ロシアの教訓に見る中国の金戦略:人民元・金連動の可能性とインドとの比較

はじめに

ロシアによるウクライナ侵攻(2022年)以降、国際金融体制を巡る地政学リスクが高まっている。とりわけ、ロシアは侵攻前に自国の外貨準備で金の保有割合を増やし、SWIFT(国際銀行間通信協会)から排除され経済制裁を受けた直後には、ルーブルを事実上**金と連動(ペッグ)**させる措置を講じた。この非常策によってルーブルの急落を食い止め、制裁下でも通貨・経済の崩壊を回避したとされる。こうした事例は、**金(ゴールド)**が国家通貨の価値維持や金融制裁回避の手段として再評価される契機となった。

一方、米中間の覇権争いが激化し将来的に何らかの衝突が避けられないとの見方もある中、同様の文脈で中国の通貨戦略が注目されている。中国は近年、外貨準備に占める米ドル資産の比率を下げ、代わりに金の購入を増やしていると指摘される。また、中国が米国債の保有削減と並行して金準備を積み増す動きは、将来の金融対立に備えて人民元と金の連動を模索する布石とも見られる。本稿では、ロシアの例を踏まえて中国が今後も金購入を進める蓋然性を**弁証法(正-反-合)**の手法で論じ、さらに人民元と金の連動の可能性を分析する。加えて、インドの立場にも目を配り、金購入や通貨戦略における中国とインドの比較を通じて、将来的なアジアの通貨秩序再編(事実上の金本位制復権)の可能性について考察する。

ロシアのルーブル金連動と通貨防衛の事例

ロシアは2014年のクリミア併合以降、西側制裁に備えて外貨準備の「要塞化(Fortress Russia)」を進めてきた。具体的にはドル建て資産の比率を下げ、その代替として自国産出のを大規模に購入・蓄積している。侵攻直前までにロシア中銀の金保有量は2,000トン超に達し、外貨準備の中で米ドル資産を下回らぬ存在感を持つまでになっていた。

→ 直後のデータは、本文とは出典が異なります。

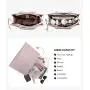 LOVEVOOK 2024 new fashion classic designer leather computer hand bag ladies large capacity 15.6 inch laptop tote bag for women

ウクライナ侵攻に伴いロシアはSWIFTからの排除や外貨準備凍結など史上例のない制裁を受け、ルーブルは急落した。しかしロシア当局はただちに通貨防衛策を打ち出す。その中核がルーブルと金の連動である。2022年3月、ロシア中銀は一定期間に限り**固定レートでの金買い取り(例えば1グラム=5,000ルーブルという価格保証)**を表明し、ルーブルの価値を金に紐づけた【※】。さらに非友好国に対し天然ガス代金をルーブル建てで支払うよう要求し、実質的にルーブル需要を創出する措置も講じた。こうした政策によってルーブル相場は制裁初期の暴落から短期間で持ち直し、戦時下にもかかわらず通貨の信認をある程度確保することに成功した。ロシアは金準備を裏付け資産として活用し、「金本位制の復活」に踏み切ることで自国通貨を防衛したのである。

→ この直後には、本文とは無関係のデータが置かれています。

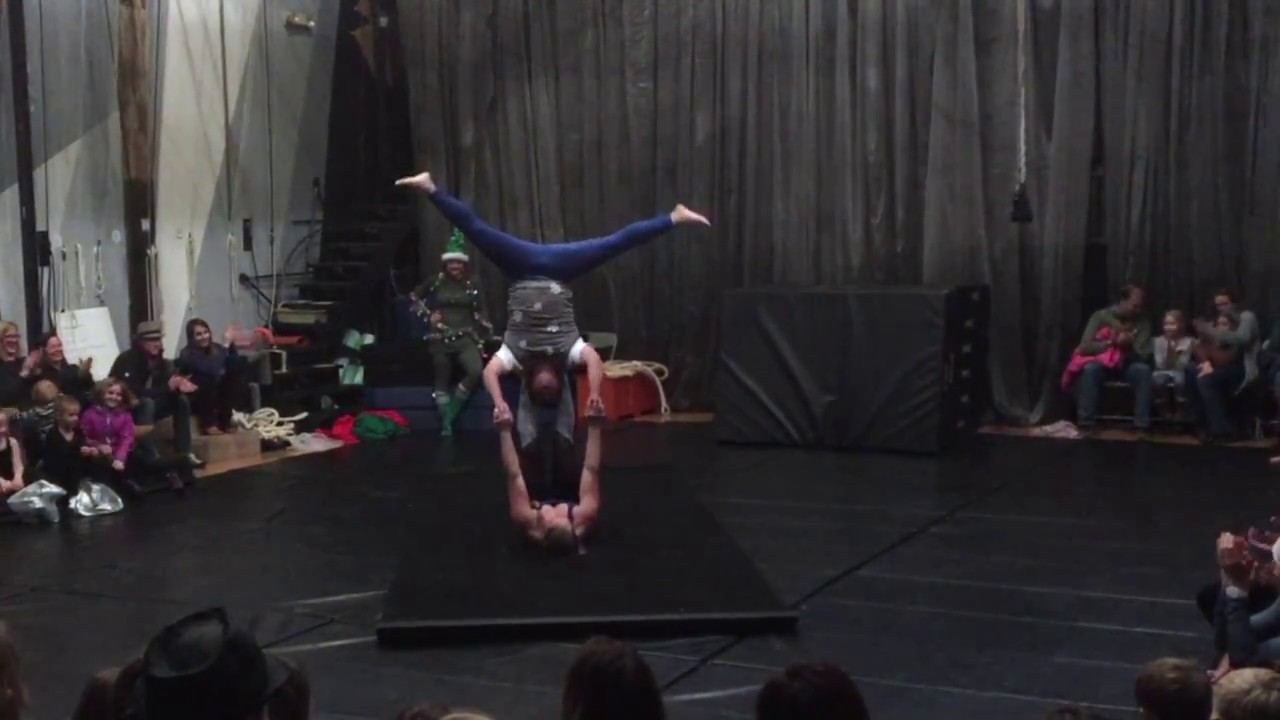 Chris & Juli Acro Performance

※厳密にはロシア中銀が金とルーブルの交換比率を一定水準で保証することで市場にルーブルの下値(価値の下限)を意識させた措置である。この事実上のペッグにより、金の国際価格を基準にルーブルの実質価値に下支えがなされた。

中国の金購入戦略:継続の蓋然性を弁証法的に考察

中国はロシアと同様に、国家戦略として金の重要性を再認識している。米中覇権競争が激化する中、将来的な対立や制裁発動の可能性を視野に入れた動きとも言える。中国が今後も金購入を進めるかについて、正-反-合の観点から以下に分析する。

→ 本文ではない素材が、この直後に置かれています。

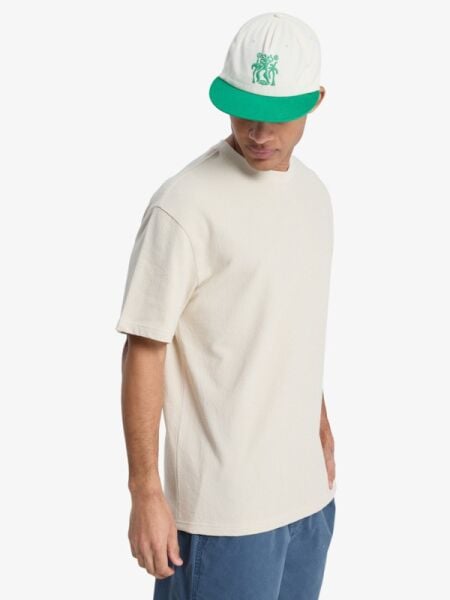 Quiksilver Bayi Erkek Kısa Kollu %100 Pamuklu Tişört Eqyzt07548 M - Daybreak - Solid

正(テーゼ): ロシアの例が示す通り、中国は今後も積極的に金準備を拡大していく可能性が高い。最大の根拠は、万一米中間で深刻な対立が生じた際に、中国もまたドル資産凍結や金融制裁のリスクに晒され得る点である。中国当局はロシアへの制裁を「他人事ではない」と受け止めており、自国の外貨準備を**「人質」としないための方策として金の保有拡大を進めていると考えられる。事実、中国は近年公式に保有する米国債残高を減らし続ける一方、人民銀行(中央銀行)は定期的に金購入を公表している。2022年末以降、月ベースで数十トン規模の金を買い増す動きが報じられ、公式金準備は2025年には約2,300トン**(公表ベース)に達してロシアに匹敵する水準となった。中国は世界最大の金生産国であり、その地の利も活かして内外から金を調達し、着々と蓄積している。金は他国による没収や凍結が困難であり、有事の際の価値保全手段として最適である。ゆえに、米中衝突が不可避とすれば中国が「第二のロシア」として金備蓄を続ける蓋然性は極めて高い

反(アンチテーゼ): 他方で、中国による金購入拡大には慎重論も存在する。第一に、中国経済は米国主導の国際金融システムと深く結びついており、ロシア以上にドル資産への依存度が高い。仮に急激なドル離れ(金偏重)を行えば、市場の動揺や米国からの警戒を招きかねない。中国が保有する米国債は依然として7千億ドル台と巨額であり、一挙に売却すれば自国の保有資産価値の毀損や米債市場の混乱を通じたブーメラン効果を被る恐れがある。第二に、金は安全資産とはいえ価格変動リスクがあり、また利息を生まないため大量保有の機会費用も無視できない。外貨準備をあまりに金に振り向けすぎると、平時には運用収益の低下を招きかねない。第三に、金融安全保障の観点では金だけでなく多角化が重要であり、中国も実際には金のほか外貨準備の一部をユーロや円など非ドル資産へ分散していると見られる。さらにデジタル人民元の開発や、SWIFTに代わる自前の決済網(CIPS)整備など、金以外のアプローチでも対米金融依存の低減を図っている。これら代替策が進む中で、金だけに過度に傾斜するのは現実的でないとの指摘も成り立つ。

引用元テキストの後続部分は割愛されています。